Brian Lavender wrote:
> It would seem that 64 bit is just better, but I have this Net top box
> with 2 Gigs of ram, and I am wondering if anyone can justify running one
> over another. I am just running this as a server and no graphical
> interface. I have Xen running in paravirtualized mode on Debian.
> 
> Is there more overhead with 64 bit addressing? I take it the alu is
> operating at 64 bit on everything in 64 bit mode?
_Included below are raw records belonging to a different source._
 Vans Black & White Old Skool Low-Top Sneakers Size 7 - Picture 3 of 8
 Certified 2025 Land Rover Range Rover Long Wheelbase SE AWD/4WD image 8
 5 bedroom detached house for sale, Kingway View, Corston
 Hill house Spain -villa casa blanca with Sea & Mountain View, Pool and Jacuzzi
That would seem like
> it could do operations with twice the width.

64-bit gives more performance via:
* Larger registers for things like memcpy and bzero, string compares,
  etc.
* More registers (double), so you spend less time shuffling things
  between cache and registers.

As a bonus you get more security as well, 32 bit machines have a single
boundary for code pages above and memory pages below.  x86-64 machines
can decide that per page.  So basically you get better (not perfect)
protection from a buffer overflow being able to write code.

Also you get more flexible memory management to avoid problems caused by
Video cards, BIOS, and misc others take up pieces of the memoryspace.  This
often leads to fragmentation.  So even on a 2GB ram  machine you can't
necessarily allocate 1.5gb since there will allocations around 1GB for other
uses.  With 64 bits it's much easier to keep the memory from fragmenting.

This isn't a major issue at 2GB, but at 4GB often you end up with only
3 or 3.5 GB of ram usable on a 32 bit machine, but pretty close to 4GB
on a 64-bit machine.

Now for the downside.  Pointers being 64 bit take more memory, more
cache, and more memory bandwidth, although nothing prevents you from running
32 bit code on a 64-bit machine if this is an issue.